President Obama argues that he wants the economy to grow from the middle class out and not from the top down, as Romney proposes. Obama wants to invest in new industries and technology and, for starters, create public sector employment through a jobs bill that he has proposed but Republicans in Congress have blocked. These jobs would include teachers, policemen, firefighters and other public service jobs that have been eliminated by severe financial cutbacks by state and local governments. Others would include public works jobs to rebuild the nation’s crumbling infrastructure. Obama would also penalize corporations that move jobs overseas by eliminating tax breaks.
Obama’s approach, a stimulus by another name, would create immediate purchasing power among the middle class as well as demand for products which would stimulate businesses to invest and create more private sector jobs.

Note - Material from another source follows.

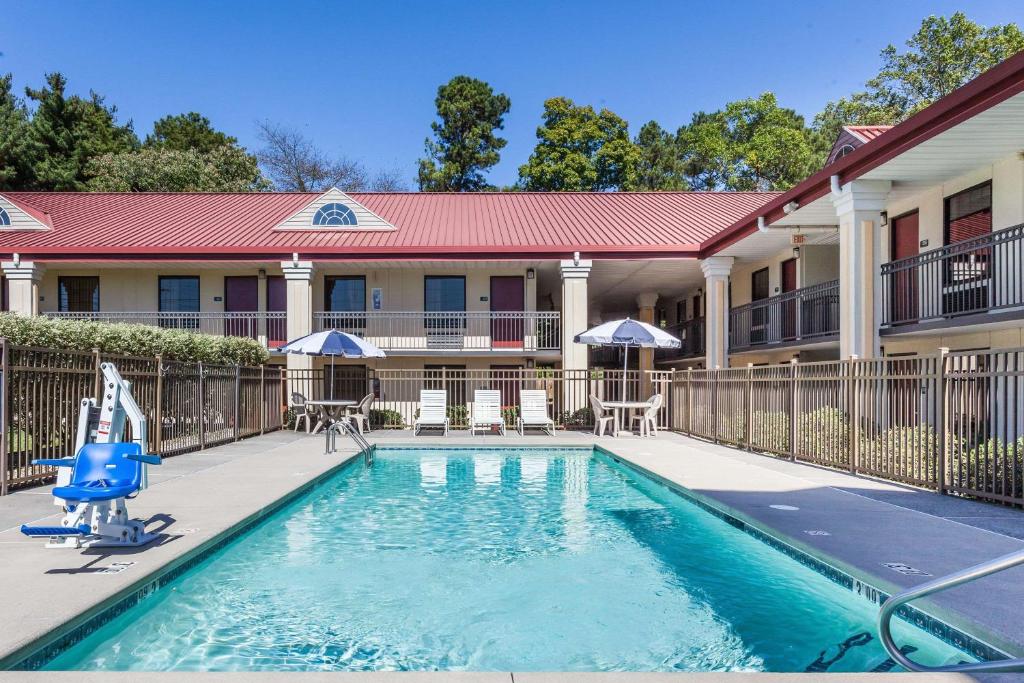 a swimming pool in front of a building at Days Inn by Wyndham Dalton in Dalton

There are those who argue that government should be the employer of last resort. But there are times when government must be the first risk-taker because the private sector is reluctant, timid or otherwise unwilling to take a chance. The auto-industry bailout is a recent example. In today’s business world, everybody wants a government subsidy or guarantee. America is the most socialistic nation on the planet but nobody wants to admit it. Just ask the nation’s five largest banks.
But products are so good right now that Americans have little need to replace anything except out of boredom with what they have. A refrigerator, no matter where it’s made, lasts about 20 years. A decent stove lasts even longer. Ditto a microwave. Toaster ovens, if kept de-greased, are forever. TV sets rarely blow. And the only reason to buy a new set is to upgrade to a bigger screen. The garment industry is kaput. Casual Fridays have morphed into permanent dress-down and no guy, except for a few dandies, even thinks of wearing a tie anymore in a culture where denim and khaki dominate. We’ve exhausted our need for stuff.
There’s way out of this economic mess, though, and that is a return to planned obsolescence as a way of stimulating a rebirth of manufacturing. The electronics gadget industry is the first to catch on. Each new iPhone, iPad, Kindle and computer essentially does nothing more than the last issue. They may be a little quicker, brighter, slimmer and slicker than their immediate predecessors but their innards and functions are the same. Their planned obsolescence arrives just in time for Christmas shoppers and lined-up gadgeteers who insist on having the latest models of electronic toys as soon as they arrive in the showcase. Build it to self-destruct and they will come. That’s the American way.